Saturday, October 25, 2014 4:37 AM

A Fine Tuned Universe

Saturday, October 25, 2014 4:37 AM
Saturday, October 25, 2014 4:37 AM

During the last thirty years or so, scientists have discovered that the existence of intelligent life depends on a complex and delicate balance of initial conditions given in the big bang itself. Scientists once believed that whatever the initial conditions of the universe, eventually intelligent life might evolve. But we now know that our existence is balanced on a knife’s edge. It seems vastly more probable that a life-prohibiting universe rather than a life-permitting universe such as ours should exist.

The existence of intelligent life depends on a conspiracy of initial conditions that must be fine-tuned to a degree that is literally incomprehensible and incalculable. For example, Stephen Hawking has estimated that if the rate of the universe’s expansion one second after the big bang had been smaller by even one part in a hundred thousand million million, the universe would have re-collapsed into a hot fireball.

British physicist P. C. W. Davies has calculated that the odds against the initial conditions being suitable for later star formation (without which planets could not exist) is one followed by a thousand billion billion zeroes, at least. He also estimates that a change in the strength of gravity or of the weak force by only one part in 10,000 would have prevented a life-permitting universe.

Roger Penrose of Oxford University has calculated that the odds of the big bang’s low entropy condition existing by chance are on the order of one out of 1000(123).

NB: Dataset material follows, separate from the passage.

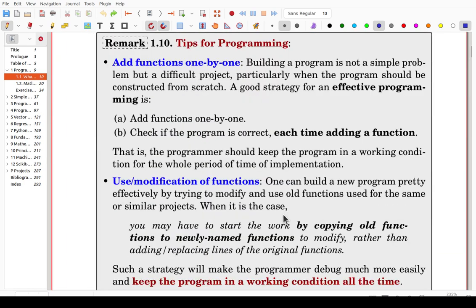Here are tips for programming. If you want to add functions, try to add them one by one. Building a program is not a simple problem but a difficult project, especially when the program is constructed from scratch. A good strategy for effective programming is to add functions one by one after modularization. Each module can be implemented as a function — add a function step by step and check if the program is correct each time.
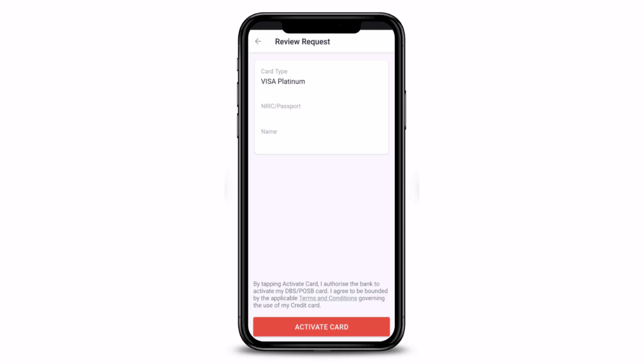And this is how you can go ahead and activate your credit card using the Digibank mobile app. We hope the video was really helpful, and if it did help you, make sure to leave a like and subscribe to the channel.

There are around fifty such quantities and constants present in the big bang that must be fine-tuned in this way if the universe is to permit life. And it’s not just each quantity that must be finely tuned; their ratios to one another must be also finely tuned. Therefore, improbability is added to improbability to improbability until our minds are reeling in incomprehensible numbers. [i]



[i] Geisler, N. L., & Hoffman, P. K. (2001). Why I am a Christian : Leading thinkers explain why they believe (68). Grand Rapids, Mich.: Baker Books.